*** Begin section ***

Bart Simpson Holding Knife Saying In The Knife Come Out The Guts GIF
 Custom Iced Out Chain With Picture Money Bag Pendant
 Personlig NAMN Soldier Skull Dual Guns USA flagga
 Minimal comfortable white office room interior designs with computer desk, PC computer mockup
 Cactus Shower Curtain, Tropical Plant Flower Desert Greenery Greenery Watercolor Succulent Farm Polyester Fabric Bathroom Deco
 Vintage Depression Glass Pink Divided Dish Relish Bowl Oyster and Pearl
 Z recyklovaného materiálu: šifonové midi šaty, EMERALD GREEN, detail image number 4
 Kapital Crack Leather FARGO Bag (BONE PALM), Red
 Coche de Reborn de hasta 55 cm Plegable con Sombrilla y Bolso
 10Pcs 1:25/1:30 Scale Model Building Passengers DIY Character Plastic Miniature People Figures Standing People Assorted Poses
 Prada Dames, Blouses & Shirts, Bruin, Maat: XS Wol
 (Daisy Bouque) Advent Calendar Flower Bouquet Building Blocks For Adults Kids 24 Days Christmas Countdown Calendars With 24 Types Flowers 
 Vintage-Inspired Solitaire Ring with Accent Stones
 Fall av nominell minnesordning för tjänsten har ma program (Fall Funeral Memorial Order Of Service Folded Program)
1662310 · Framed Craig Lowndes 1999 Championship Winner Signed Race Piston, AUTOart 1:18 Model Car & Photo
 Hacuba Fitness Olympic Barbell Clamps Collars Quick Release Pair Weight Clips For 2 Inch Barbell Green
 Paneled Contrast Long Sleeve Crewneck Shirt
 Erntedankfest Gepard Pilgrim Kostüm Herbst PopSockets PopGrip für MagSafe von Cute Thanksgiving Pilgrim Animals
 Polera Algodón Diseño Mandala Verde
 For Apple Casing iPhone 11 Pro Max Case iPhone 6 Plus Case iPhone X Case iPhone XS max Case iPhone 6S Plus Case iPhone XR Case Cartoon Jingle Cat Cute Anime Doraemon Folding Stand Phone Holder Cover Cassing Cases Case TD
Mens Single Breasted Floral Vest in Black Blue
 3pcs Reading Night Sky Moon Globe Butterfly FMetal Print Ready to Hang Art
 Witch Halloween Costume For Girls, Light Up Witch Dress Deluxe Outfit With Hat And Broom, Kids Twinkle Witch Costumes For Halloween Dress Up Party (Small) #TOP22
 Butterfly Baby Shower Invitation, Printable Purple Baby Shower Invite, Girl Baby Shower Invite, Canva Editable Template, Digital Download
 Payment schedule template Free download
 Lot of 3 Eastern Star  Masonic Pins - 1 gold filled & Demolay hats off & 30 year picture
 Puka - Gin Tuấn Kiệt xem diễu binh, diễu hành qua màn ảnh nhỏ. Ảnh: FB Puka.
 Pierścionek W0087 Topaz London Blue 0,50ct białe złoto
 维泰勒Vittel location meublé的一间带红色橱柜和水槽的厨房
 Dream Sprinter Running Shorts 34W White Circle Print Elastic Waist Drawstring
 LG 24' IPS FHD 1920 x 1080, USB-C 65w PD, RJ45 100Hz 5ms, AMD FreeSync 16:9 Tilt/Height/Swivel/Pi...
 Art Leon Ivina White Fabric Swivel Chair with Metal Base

*** End section ***

Scan the material above for the word "Kids", and copy each line where it appears.

 (Daisy Bouque) Advent Calendar Flower Bouquet Building Blocks For Adults Kids 24 Days Christmas Countdown Calendars With 24 Types Flowers 
 Witch Halloween Costume For Girls, Light Up Witch Dress Deluxe Outfit With Hat And Broom, Kids Twinkle Witch Costumes For Halloween Dress Up Party (Small) #TOP22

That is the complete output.